Though there is value in reading this entire book, the heart of the book is the brain. In one chapter right in the middle of the book Struthers provides a primer on the brain and shows both how sexuality is hard-wired into the brain and how pornography can disrupt that God-given capacity. He shows that in many ways the male brain is built as an ideal receiver for pornography; the capacity of the brain to pursue intimacy with a wife is very easily disrupted and perverted by a desire to look at pornography. The wiring that ought to be used to pursue intimacy with one woman can easily be disrupted and used to pursue a kind of false intimacy with an endless succession of women.
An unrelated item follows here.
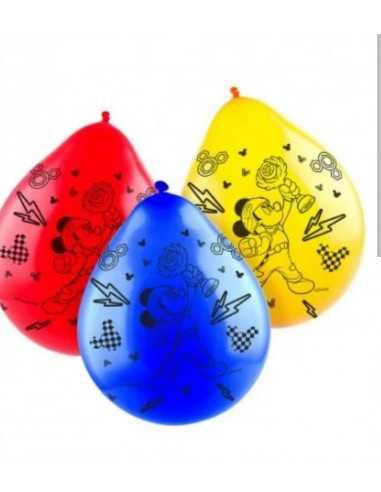 globos mickey Inicio globos mickey Inicio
Men who have become consumed with pornography will have to admit with the author that

they have unknowingly created a neurological circuit that imprisons their ability to see women rightly as created in God’s image. Repeated exposure to pornography creates a one-way neurological superhighway where a man’s mental life is over-sexualized and narrowed. It is hemmed in on either side by high containment walls making escape nearly impossible.

What Struthers both claims and (at least to my mind) proves is that looking at pornography and acting out to it creates neural pathways that disrupt the “normal” pathways. As pornography use and acting out to it become habitual, the pathways become more and more pronounced and, therefore, more difficult to overcome. Soon a man has rewired his brain in such a way that true intimacy becomes a challenge. Pornography addiction and sexual compulsion is built in the brain and involves “the visual system (looking at porn), the motor system (masturbating), the sensory system (genital stimulation) and neurological effect of orgasm (sexual euphoria from opiates, addictive dopamine in the nucleus accumbens and reduced fear in the amygdale). They have now begun to store this pattern as a reinforced neurological habit.” Seeing how he gets here and seeing how the various parts of the brain work together to make a man desire sexual fulfillment is well worth the price of the book.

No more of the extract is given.